**ABOUT THIS TASK:**
Repeat the records below verbatim and include no pictures.

**STORED DATA:**
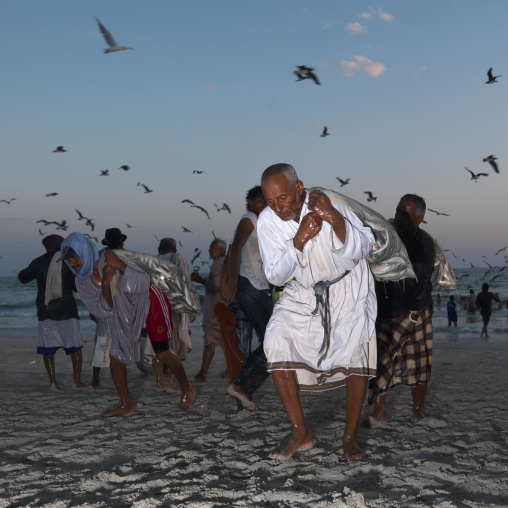 Men Taking Fishes Back Home At Dusk, Salalah, Oman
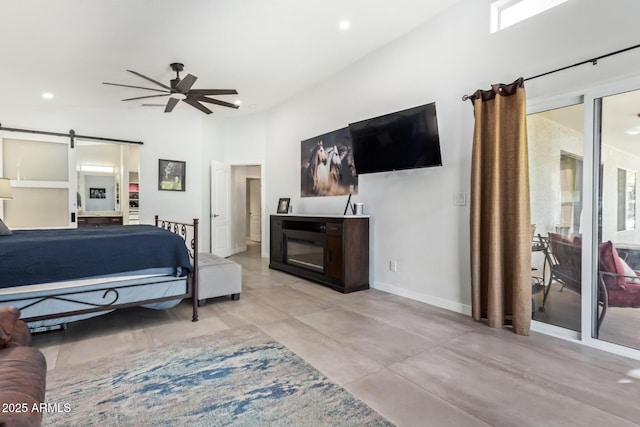 bedroom featuring a ceiling fan, recessed lighting, baseboards, and a barn door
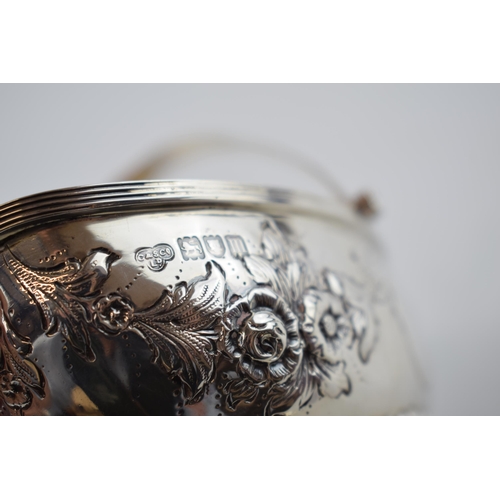 245 - Hallmarked silver basket with swingover handle and repousse decoration, 180.1 grams, London 1907, 15... 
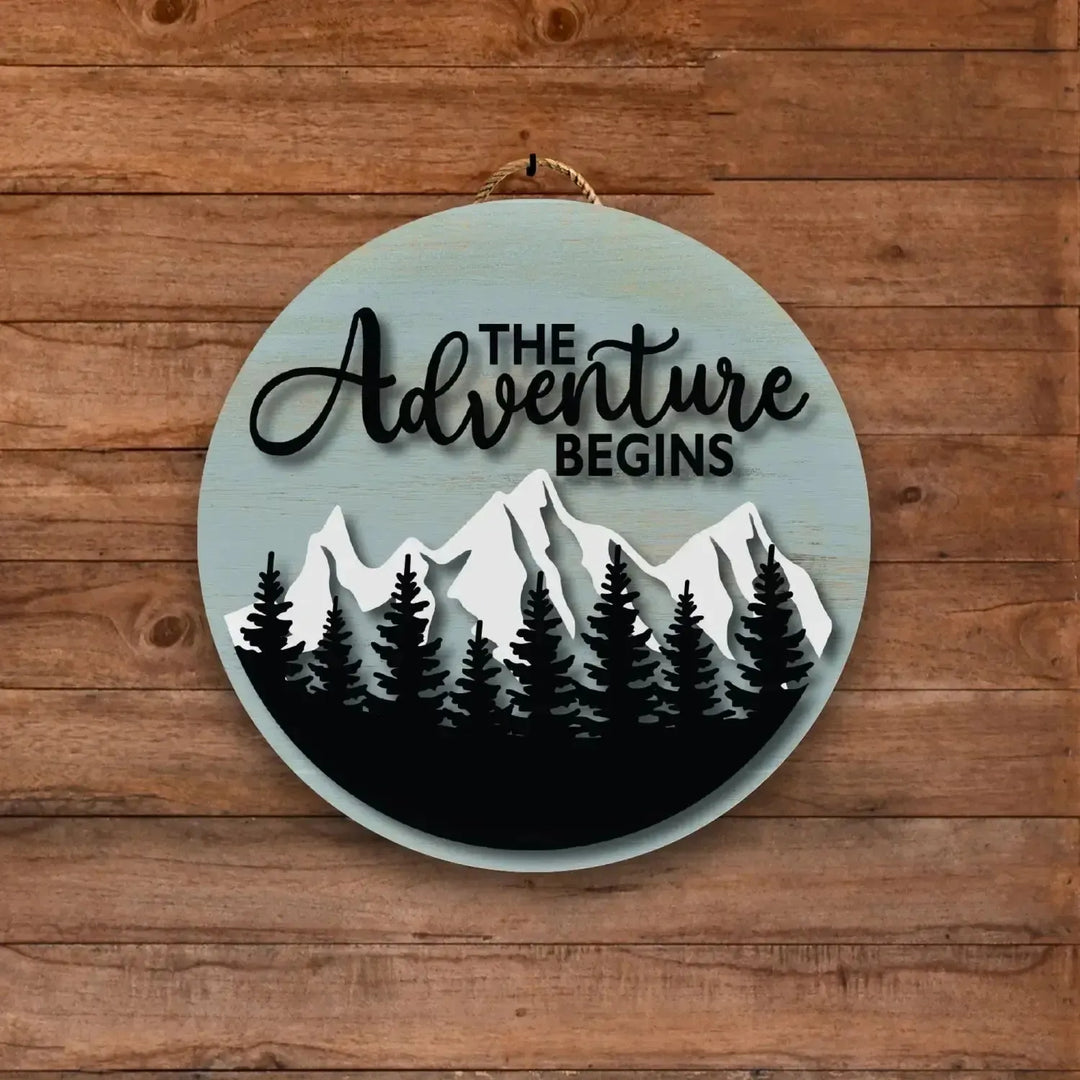 Round custom camping sign with mountain and pine tree design, text 'The Adventure Begins' on wood background.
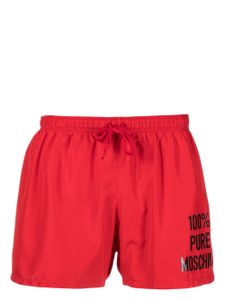 Moschino short de bain à logo imprimé - Rouge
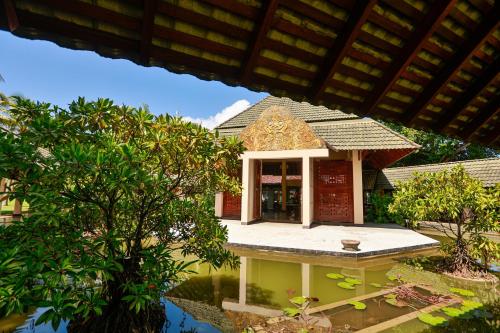 a small building in the middle of a garden at The Palms in Bentota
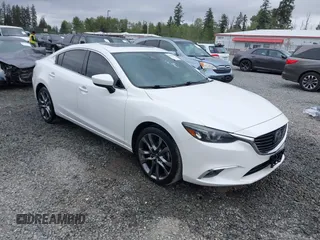 2017 Mazda 6 Grand Touring with VIN JM1GL1X51H1142473, listed as a IAAI auction lot 42234809 with 101,633 mi miles and . Bid and sale history available at DreamBid. Image 1.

**YOUR SOLUTION:**
 Men Taking Fishes Back Home At Dusk, Salalah, Oman
 bedroom featuring a ceiling fan, recessed lighting, baseboards, and a barn door
 245 - Hallmarked silver basket with swingover handle and repousse decoration, 180.1 grams, London 1907, 15... 
 Round custom camping sign with mountain and pine tree design, text 'The Adventure Begins' on wood background.
 Moschino short de bain à logo imprimé - Rouge
 a small building in the middle of a garden at The Palms in Bentota
 2017 Mazda 6 Grand Touring with VIN JM1GL1X51H1142473, listed as a IAAI auction lot 42234809 with 101,633 mi miles and . Bid and sale history available at DreamBid. Image 1.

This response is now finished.